With the hard labor of Yom Kippur over, it’s time for a little backyard R&R, Torah style.
The festival of Sukkot, which began the evening of Sept. 23 and ends Oct. 1, is one of the most welcome and joyful weeks on the Jewish calendar. So much so, it is referred to in some Jewish texts as “Z’man Simchateinu,” the season of our joy.
With the days still warm, the evenings not yet too cold, we gather with friends and family in the sukkah. There we eat, drink, gaze upon the night sky peeping through the palm fronds, and ponder the imponderables of existence. It’s a taste of the good life at a slower, more human pace.
Our cover story this week describes a recent proactive effort to draw a lot more attention to the holiday of Sukkot. The always-inventive think tank for revitalizing Jewish life, Reboot, sponsored a Sukkot initiative unlike any other we can recall.
Dubbed Sukkah City, the project called on architects to re-imagine the sukkah as we’ve always known it. More than 600 entrants from 43 countries submitted designs. Of those, a dozen finalists were selected by a jury of prominent architects to erect their sukkahs in New York City’s Union Square.
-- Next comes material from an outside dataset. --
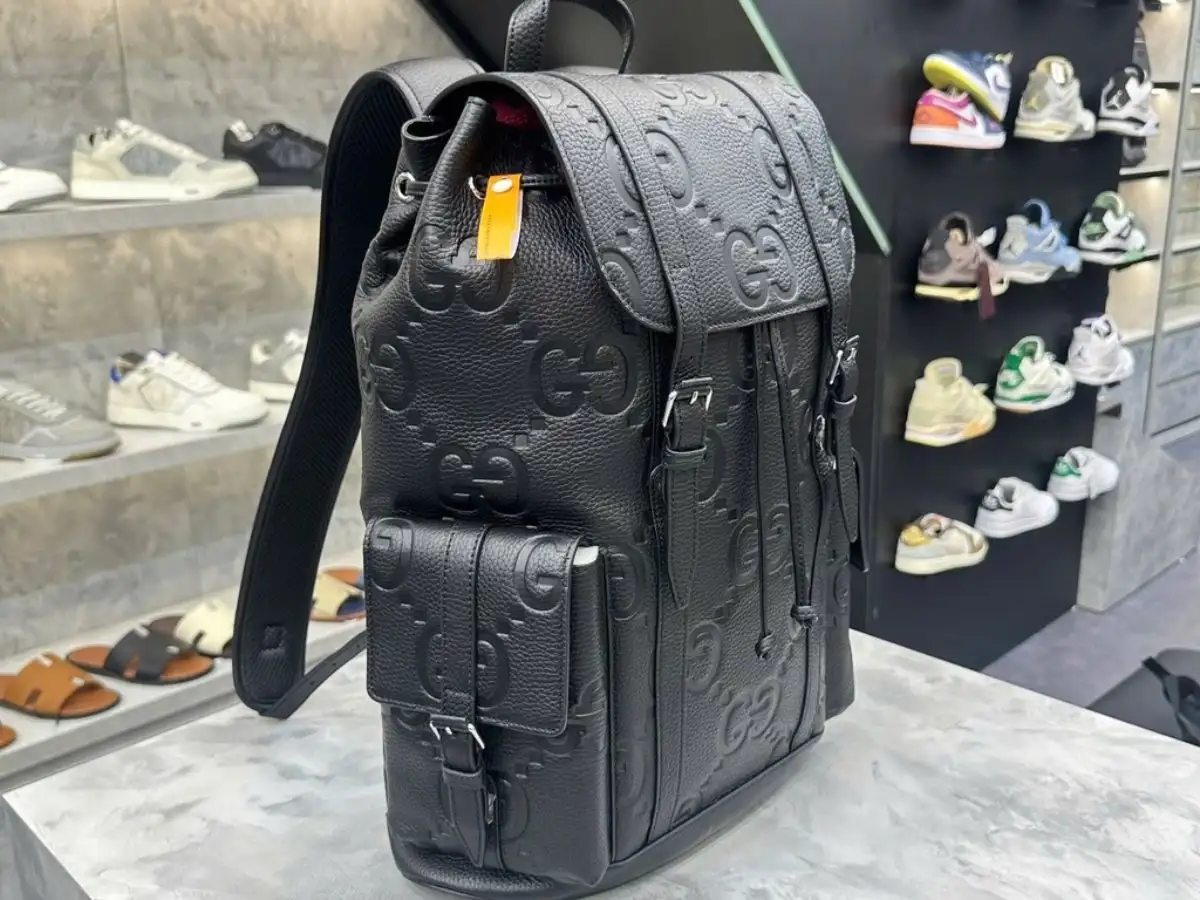 Balo Gucci đựng được nhiều đồ mà vẫn giữ được vẻ ngoài thời thượng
Among those top 12 was a pair of Oakland architects, Ronald Rael and Virginia San Fratello.
About 17,000 people, Jews and non-Jews, voted for their favorite, and from that tally a winner was chosen.
While we congratulate the finalists, the real winner of this contest was Sukkot, a holiday that still doesn’t fully resonate with all Jews, and remains a veritable mystery to most non-Jews.
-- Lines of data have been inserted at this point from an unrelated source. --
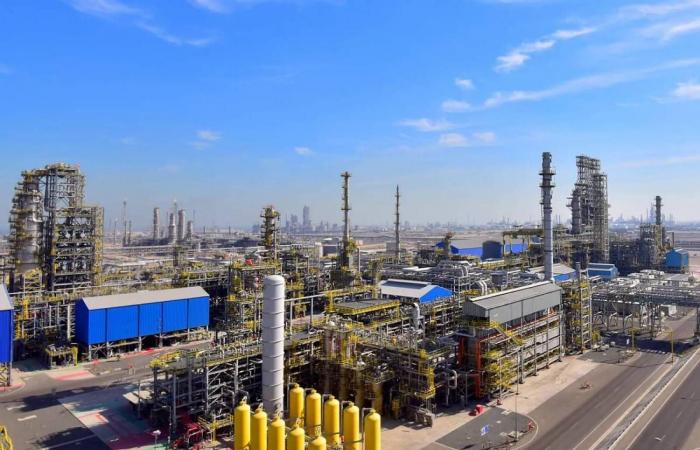 وزير
      الخارجية
      السعودي
      يناقش
      في
      اتصالات
      هاتفية
      مستجدات
      المنطقة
Like many Jewish holidays, Sukkot offers a time not only for joy and fellowship, but for reinforcing familiar lessons.
For one, the flimsiness of the sukkah reminds us of the impermanence of life, of the mercurial nature of Jewish history, in which our people experienced exile and wandering more times than we care to count.
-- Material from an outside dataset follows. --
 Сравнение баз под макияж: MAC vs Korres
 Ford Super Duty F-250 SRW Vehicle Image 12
For another, let’s not forget another key feature of this harvest celebration: the lulav and etrog, and the waving of the four species in all directions, symbolizing God’s presence everywhere.
There’s something timelessly Jewish about incorporating artifacts of nature into our observance. We never let ourselves forget the earth from which we spring.
Finally, Sukkot is immediately followed by the holiday of Simchat Torah, when we read the last word of the Torah, then do a fast rewind back to the beginning. Like nature’s cycles, our spiritual cycle begins anew.
It’s all part of the Jewish way to bring us back to our quiet essence.
We wish our readers chag sameach, a joyous Sukkot.